───── DATA EXTRACTS ─────
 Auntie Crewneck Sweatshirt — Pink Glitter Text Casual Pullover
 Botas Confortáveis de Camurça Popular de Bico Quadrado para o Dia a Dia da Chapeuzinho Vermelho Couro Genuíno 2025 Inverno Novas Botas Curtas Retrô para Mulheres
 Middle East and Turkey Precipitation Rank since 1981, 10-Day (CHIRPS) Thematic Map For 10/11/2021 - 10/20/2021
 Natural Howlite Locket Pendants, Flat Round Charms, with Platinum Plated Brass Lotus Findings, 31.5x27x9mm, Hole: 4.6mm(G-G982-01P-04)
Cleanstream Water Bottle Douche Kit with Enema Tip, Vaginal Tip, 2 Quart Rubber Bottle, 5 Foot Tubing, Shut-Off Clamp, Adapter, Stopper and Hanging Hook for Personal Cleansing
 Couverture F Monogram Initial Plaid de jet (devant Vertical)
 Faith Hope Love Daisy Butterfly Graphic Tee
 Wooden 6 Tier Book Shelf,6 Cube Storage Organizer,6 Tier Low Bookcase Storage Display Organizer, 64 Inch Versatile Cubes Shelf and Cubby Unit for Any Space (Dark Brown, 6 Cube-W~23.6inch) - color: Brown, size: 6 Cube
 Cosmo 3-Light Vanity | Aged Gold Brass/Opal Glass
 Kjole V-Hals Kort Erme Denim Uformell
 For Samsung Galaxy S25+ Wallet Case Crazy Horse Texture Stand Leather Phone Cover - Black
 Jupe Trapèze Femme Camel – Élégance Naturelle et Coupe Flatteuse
─────
(YOUR TASK)
Set every entry down verbatim.

(EXERCISE RESPONSE)
 Auntie Crewneck Sweatshirt — Pink Glitter Text Casual Pullover
 Botas Confortáveis de Camurça Popular de Bico Quadrado para o Dia a Dia da Chapeuzinho Vermelho Couro Genuíno 2025 Inverno Novas Botas Curtas Retrô para Mulheres
 Middle East and Turkey Precipitation Rank since 1981, 10-Day (CHIRPS) Thematic Map For 10/11/2021 - 10/20/2021
 Natural Howlite Locket Pendants, Flat Round Charms, with Platinum Plated Brass Lotus Findings, 31.5x27x9mm, Hole: 4.6mm(G-G982-01P-04)
Cleanstream Water Bottle Douche Kit with Enema Tip, Vaginal Tip, 2 Quart Rubber Bottle, 5 Foot Tubing, Shut-Off Clamp, Adapter, Stopper and Hanging Hook for Personal Cleansing
 Couverture F Monogram Initial Plaid de jet (devant Vertical)
 Faith Hope Love Daisy Butterfly Graphic Tee
 Wooden 6 Tier Book Shelf,6 Cube Storage Organizer,6 Tier Low Bookcase Storage Display Organizer, 64 Inch Versatile Cubes Shelf and Cubby Unit for Any Space (Dark Brown, 6 Cube-W~23.6inch) - color: Brown, size: 6 Cube
 Cosmo 3-Light Vanity | Aged Gold Brass/Opal Glass
 Kjole V-Hals Kort Erme Denim Uformell
 For Samsung Galaxy S25+ Wallet Case Crazy Horse Texture Stand Leather Phone Cover - Black
 Jupe Trapèze Femme Camel – Élégance Naturelle et Coupe Flatteuse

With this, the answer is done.